I have done this on WinXP on several different systems. Not sure if it’s universal to all versions of Windows Imaging or just my computers happened to have it.

To expand & clarify what missbunny said, decent OCR is built into Microsoft Office 2003 & later (maybe 2000 also, I don’t remember).

Assuming you have Offfice 2003 or later, …

It’s one of the optional tools that may or may not have been installed depending on who did the install & what SKU of Office you have (student, home, pro, etc).

On the start menu look under Microsoft Office -> Tools -> Document Imaging (the exact name varies from version to version, but this is close).

That program can open TIFFs & make word docs from them with just a couple clicks.
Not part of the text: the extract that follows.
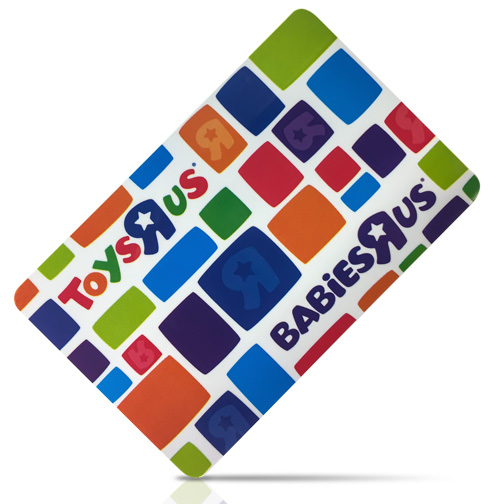 Toys R Us giftcard prize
If you have a scanner properly set up, it can also pull the scan directly.

For computer-printed text the OCR rate is nearly 100%. For typeset books it’s pretty good provided you can get the pages 100% flat; it does NOT like where the words curve into the binding margin.

For faxes of photocopies of chldren’s handwriting, OCR works not so much.
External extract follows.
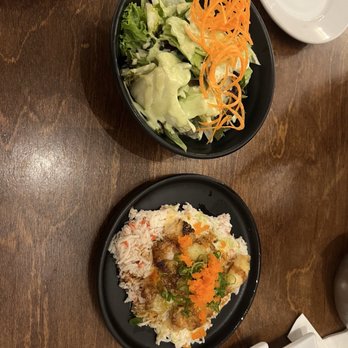 Kuma - Dancing SHRIMP (Ebi) and salad - Japanese Near Me - Monterey, California Kuma - Dancing SHRIMP (Ebi) and salad - Japanese Near Me - Monterey, California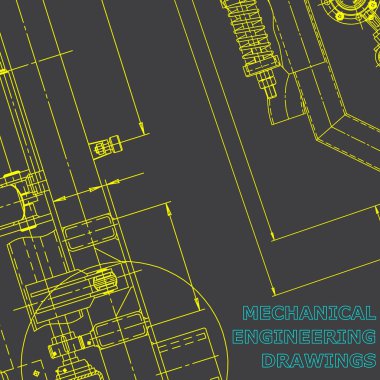 Ayrıntılı plan. Vektör mühendisliği çizimleri. Mekanik alet yapımı. Teknik olarak. Şirket Kimliği. Gri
SimpleOCR has a stand alone freeware OCR prog to demo their OCR SDK. Don’t know if it’s any good. (I installed it, then found I’d got an OCR bundled with something else)
You have to register to download and the free version doesn’t handle handwriting

Dang. I have Office 2001. I’ll try the Simple OCR app. Thanks.

You said in the OP that you’re going to scan the book. Doesn’t your scanner have some variety of OCR software. I bought a fairly cheap (<$100) Canon 4400F recently, and it has OCR software bundled on the CD. Also, if you can find yourself a copy of Adobe Acrobat Pro, it has OCR included.

No, the scanner has no such software. And I have Acrobat regular; Pro is like $500.

Distributed Proofreading has an OCR pool that will accept scans from anyone, and run it thru their high-quality, professional OCR programs, and then send it on to the DP proofreading process and on to Project Gutenberg.

So when you have scans, they will do the OCR for you.

More info is here: http://www.pgdp.net/phpBB2/viewtopic.php?t=4957

Awesome! Thanks!

I did a quick look at SourceForge.net and found 49 references to OCR software. I have to meet some friends for dinner, so I haven’t researched better, but I saw one or two that might fit your needs.

http://sourceforge.net/search/?type_of_search=soft&words=ocr

The people at Distributed Proofreaders who do OCR work (not me, mostly) keep a close eye on open-source OCR projects, and so far, haven’t found one that they recommend.

To quote the site administrator

But often a version that is one or two releases behind the current version works fine for their proofreading needs, and many people obtain such an older version for a very cheap price from ebay or similar sites.

ABBYY is free to try and has 15 free tries. Then to buy, it costs about $200.